Hi,
I have 2 children DD 6 and DD 2.
Dd 6 is loving and enthusiastic and bright but also extremely hard work and highly strung. It is difficult to make her happy, she has enormous meltdowns and her emotions are always bubbling close to the surface, often coming out in chronic grumpiness.
I hate that I am bringing her up on her behaviour all the time but I can't let it slide. I try not to shout as she seems v sensitive to any criticism but i will talk to her and then stop treats Etc but seems to bw falling flat. Some examples of behaviour from today:
- After 11hrs sleep woke up naturally and was grumpy and didn't speak to me. Warmed up after about about 45 mins.
- huffing all day, moaning about what music in car, what dinner we're having, what's on the telly, what her friend said, that I've brought the wrong thing for swimming and having meltdowns about each (and many, many others)
- shouted at her friend, I pulled her to one side to say: i won't let you speak to your friends like that and she deliberately trod on my foot
- threw a small booster seat in the car which hit her sister in the face (was accidentally but if you throw a booster seat in the vacinity what do you expect)
- threw her cardigan at my face which felt aggressive
The school don't think she's SEN but I'm not convinced.
Whether she is or she isn't, does anyone have any tips on how to handle this kind of behaviour?
I currently: try to stay calm, say what the behaviour is that is wrong and where necessary ask for an apology.
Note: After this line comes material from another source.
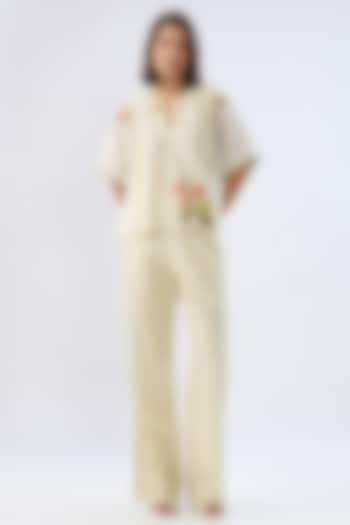 Ivory Linen Cotton Floral Printed Co-Ord Set by Raw & Rustic by Niti Bothra at Pernia's Pop Up Shop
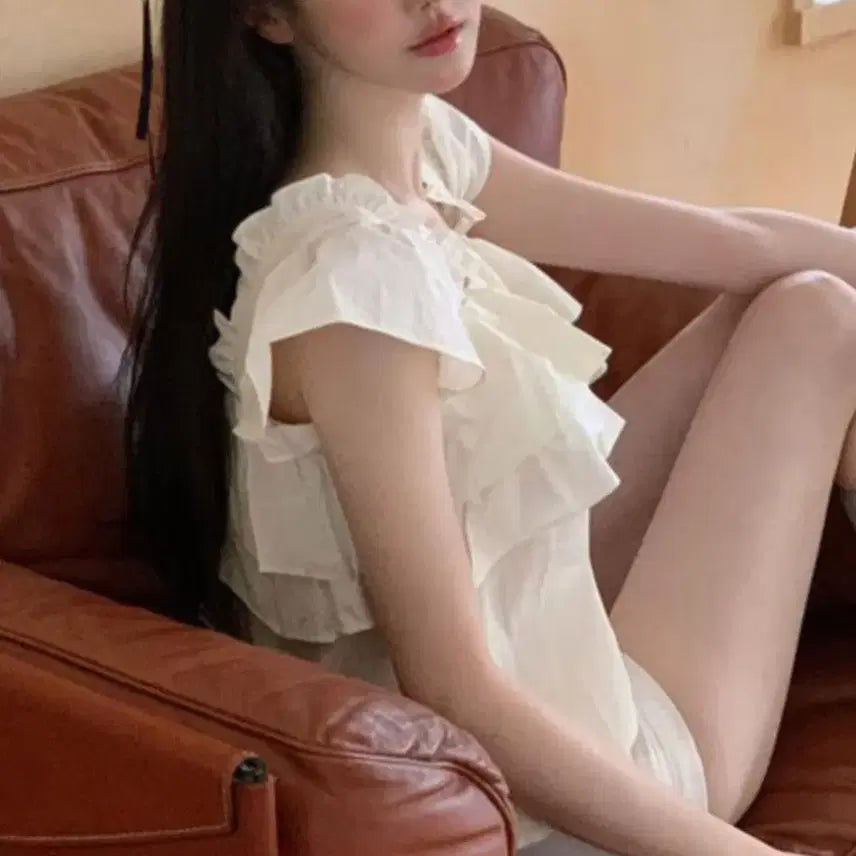 [BUNJANG] Thetis Baby Pink Short Sleeve Blouse / 더티스 베이비 핑크 반팔 블라우스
If she continues I will threaten treats. If she's awful we go home. And if it goes on for hours I do shout and get exasperated.
She often shouts back at me: Stop shouting (when i am not shouting) or puts her fingers in her ears.
She's lovely at school and with grandparents. Eats sleeps and exercises.
I'm exhausted and would welcome any parenting tips. It's really unenjoyable and I feel like I am on her case the whole time which is rubbish but her behaviour is not okay a lot of the time.